Barack Obama's stratospheric rise from political obscurity to the White House is well documented, but now his influence might go beyond earthly boundaries. John Holdren, the US president's chief science adviser, said the Obama Administration was considering a plan to deflect the sun's rays as a last resort in the bid to tackle global warming. This entails firing sulphur dioxide particles or other materials into the stratosphere, deflecting the sun's rays into space. "We might get desperate enough to want to use it. It has got to be looked at," Mr Holdren said on 9 April.

In a week when at least one student and several men on student visas were arrested on suspicion of terror offences in the North West of England, the Daily Mail reported that the former head of MI5 has been invited to join the council of Imperial College London. Columnist Richard Kay wrote on 9 April: "If the battle against Muslim extremism starts in our universities, then Dame Eliza Manningham-Buller could be a new secret agent. Her new contract with Imperial might also be fertile ground for recruiting future spies. Dame Eliza herself was tapped-up at a drinks party while teaching at a girls' public school."

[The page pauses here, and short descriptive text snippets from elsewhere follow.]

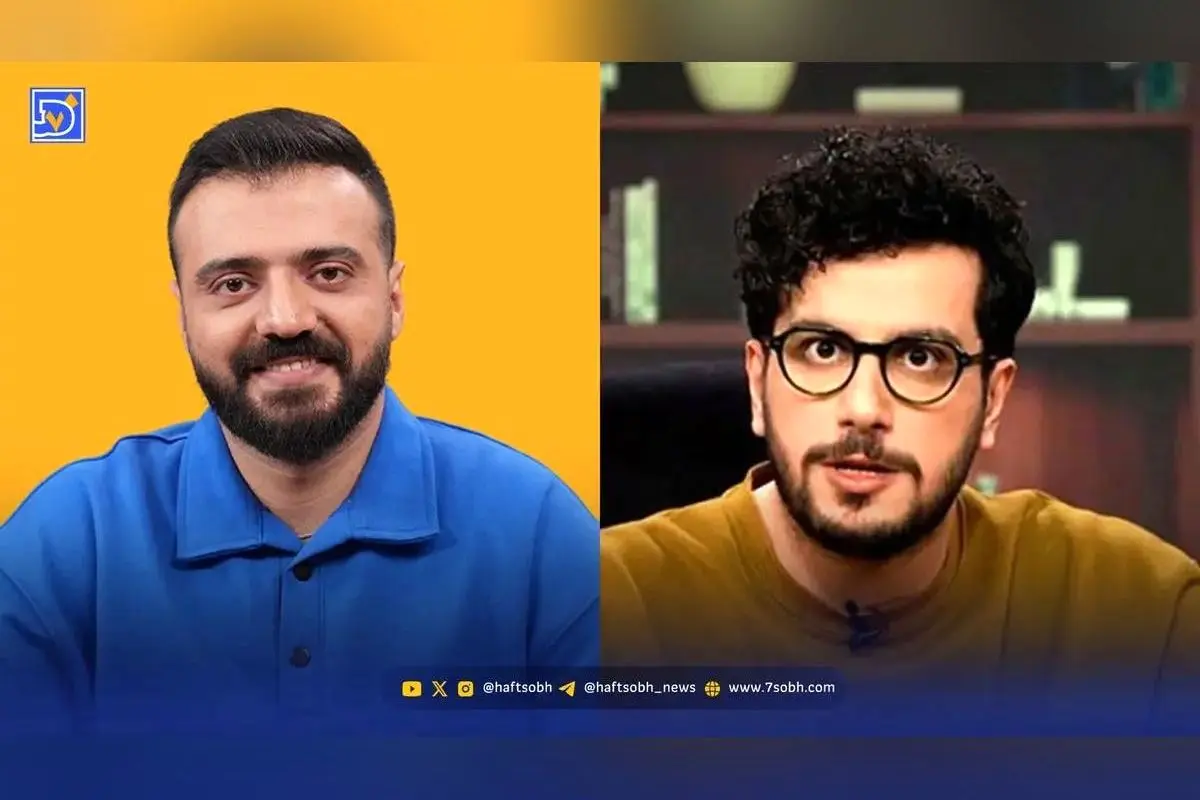 سفر در زمان: تصاویر قدیمی ۲۰ سال پیش از امیرحسین قیاسی و ابوطالب حسینی در مدرسه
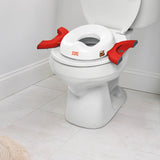 Disney Pixar Cars 2-in-1 My Travel Potty by Bright Starts, Red - Lightning McQueen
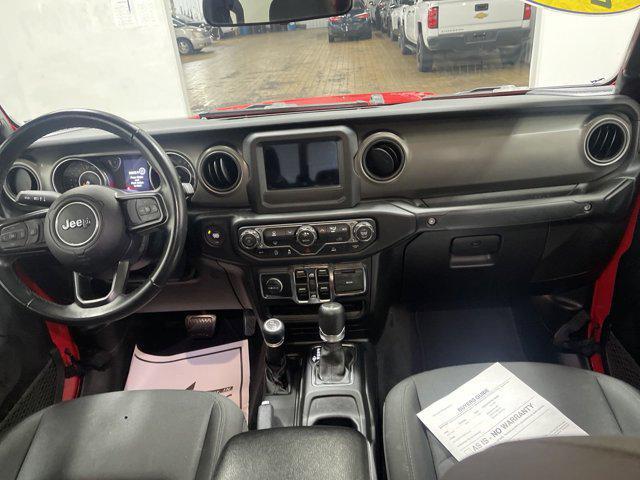 used 2022 Jeep Gladiator car, priced at $32,444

A government ban on expanding student numbers will coincide with a surge in applications, leaving tens of thousands of hopeful sixth-formers without places to study. According to The Times, the figure could be about 50,000, but Les Ebdon, vice-chancellor of the University of Bedfordshire, told the Daily Mail on 10 April that the number of people who wanted to study but could not could be as high as 200,000. David Willetts, the shadow Universities Secretary, said a "cruel trick" was being played on young people, who were being encouraged to aim for a university education even as the expansion of opportunities was being curtailed after a budget cock-up.

It may be an authoritative documentation of the history of man, but that did not stop Homo Britannicus being shelved in the gay and lesbian section of a university library. The mix-up at the University of Manchester tickled the book's author, Chris Stringer, an expert on human origins at the Natural History Museum in London. He said on 10 April: "It's very amusing, and I suppose there's a chance that a gay student with no interest in archaeology might take it off the shelf and be converted to the subject. To be fair, if you google the title it does come up alongside a lot of gay references. It's that homo word again."

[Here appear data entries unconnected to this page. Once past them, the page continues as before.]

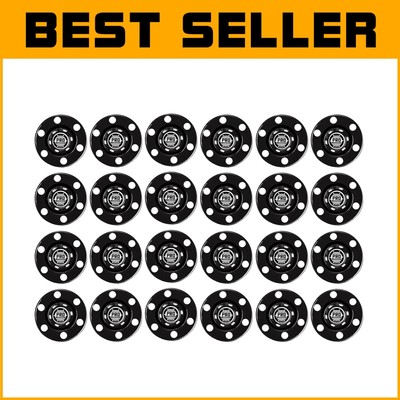 Authentic Ice Hockey Feel: Pro Commander 24 Bulk Roller Pucks for Training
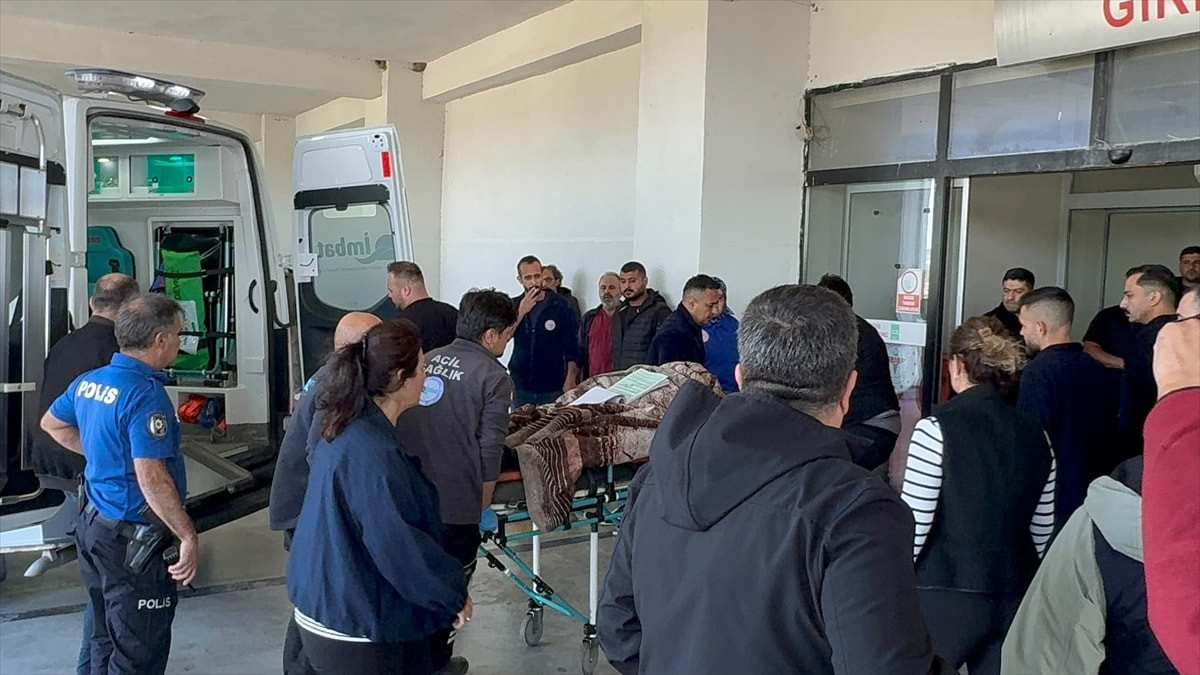 Manisa Soma'da madende göçük: 2 işçi yaralandı, 5 kişi mahsur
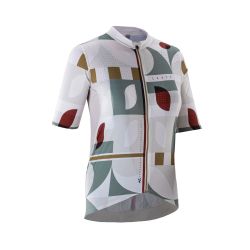 👕🚴‍♀️ Camiseta/Maillot Leatt MTB Endurance 5.0 Cargo Mujer Blanco Canvas | Rendimiento y estilo ⚡✨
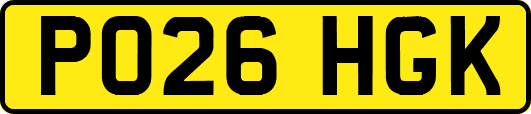 PO26HGK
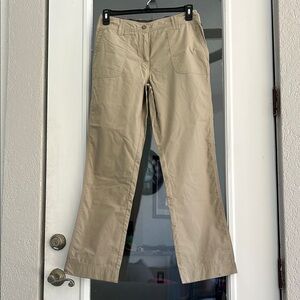 NWOT - size 8 Beige Casual Pants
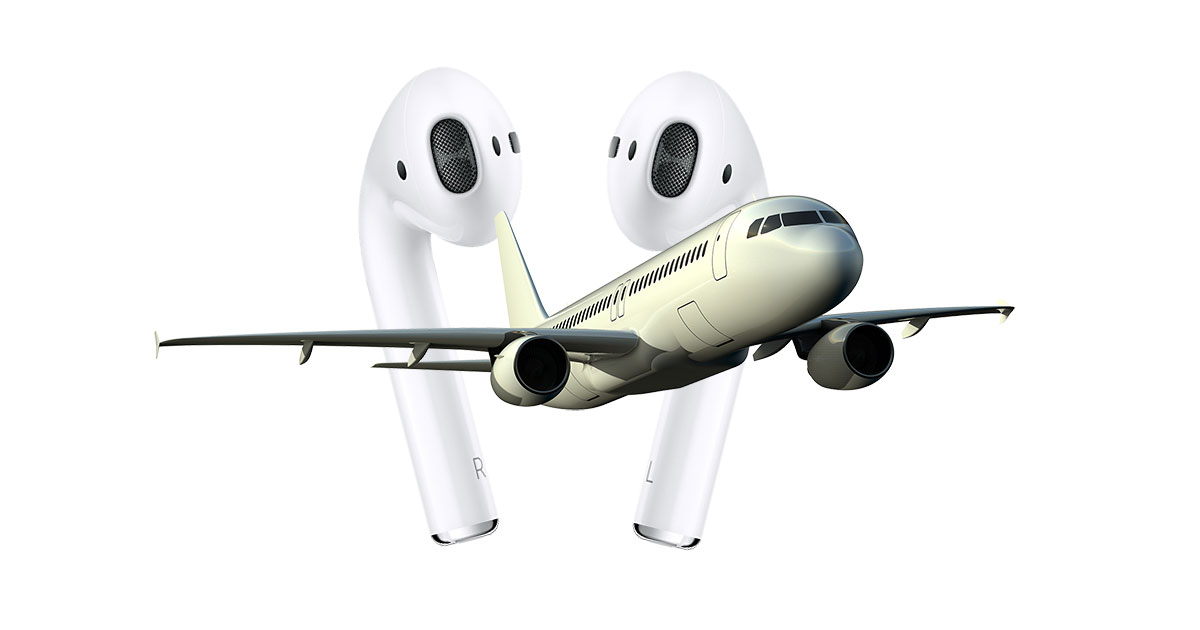 Khách hàng giờ đây đã có thể sử dụng Apple AirPods (hoặc tai nghe Bluetooth) với hệ thống giải trí của máy bay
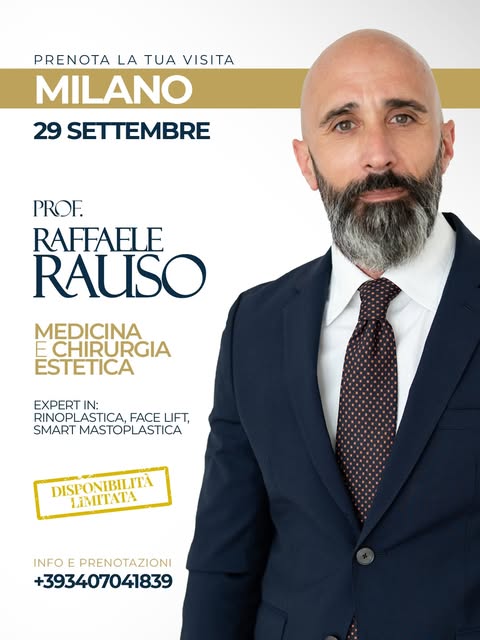 Prenota la tua visita di settembre!

📍 Milano - 29 settembre
📍 Roma - 10 | 16 | 24 settembre
📍 Na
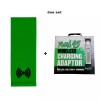 tomb45 Wireless Charging pad green with Babyliss FX SKELETON TRIMMER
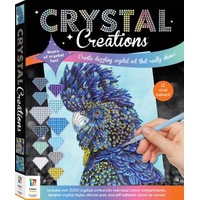 Crystal Creations: Blue Cockatoo by Abbi McClure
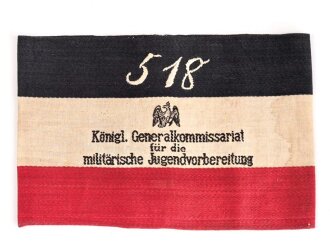 Armbinde " Königl. Generalkommissariat für...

Christian pilgrims who flock to Jerusalem to retrace Jesus' final steps in Holy Week may have been walking the route of the "way of suffering" in the wrong direction. According to archaeologist Shimon Gibson, who is based at universities in Israel and America, the modern-day re-enactment of the walk from the point where Jesus was condemned to death to the site of his crucifixion has been "completely wrong". In the Daily Mail on Good Friday, 10 April, Gibson said pilgrims walked across what he believed was the real site of the crucifixion "without realising its significance".

Details about experiments on primates must be released by the universities of Oxford and Cambridge, the information commissioner has ruled. After a three-year battle, animal-rights campaigners have forced universities to release the information, which institutions claimed could make them targets for attacks. The commissioner, whose decision was announced on 10 April, said that he "could see no evidence to suggest the current threat would increase" with the release of the details.

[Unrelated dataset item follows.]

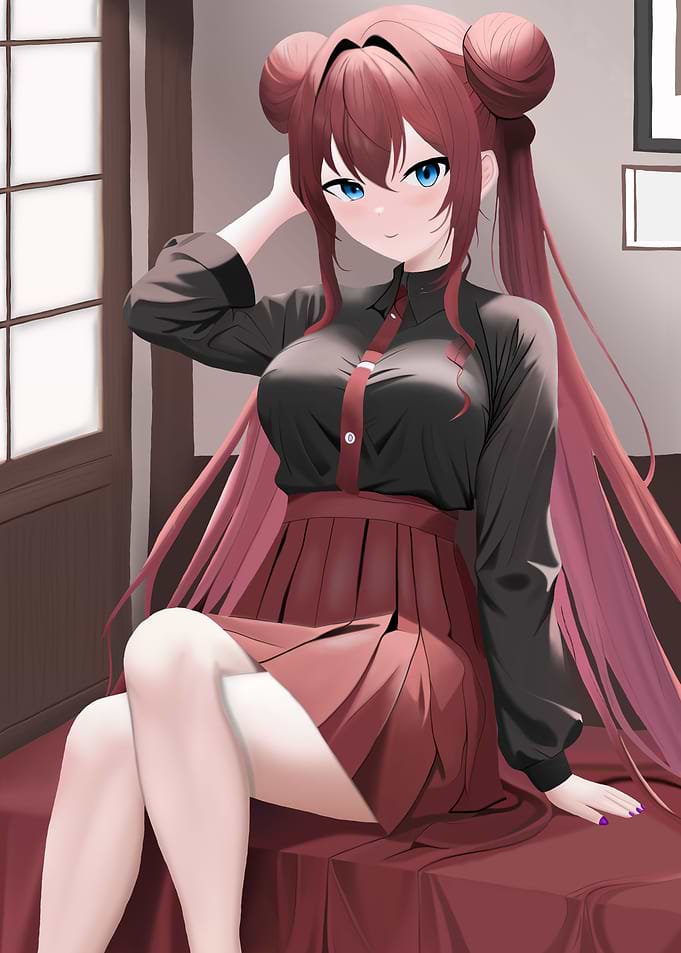 Anime Girl 002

Drunken sex games involving student officer cadets are being investigated by military chiefs, the Daily Mail reported on 14 April. An inquiry was ordered after "lurid accounts of drink-fuelled debauchery and sexual liaisons" between members of a university officer training corps emerged, it said. The newspaper said that students from the universities of Sheffield and Sheffield Hallam were involved with the Territorial Army unit at the centre of the investigation.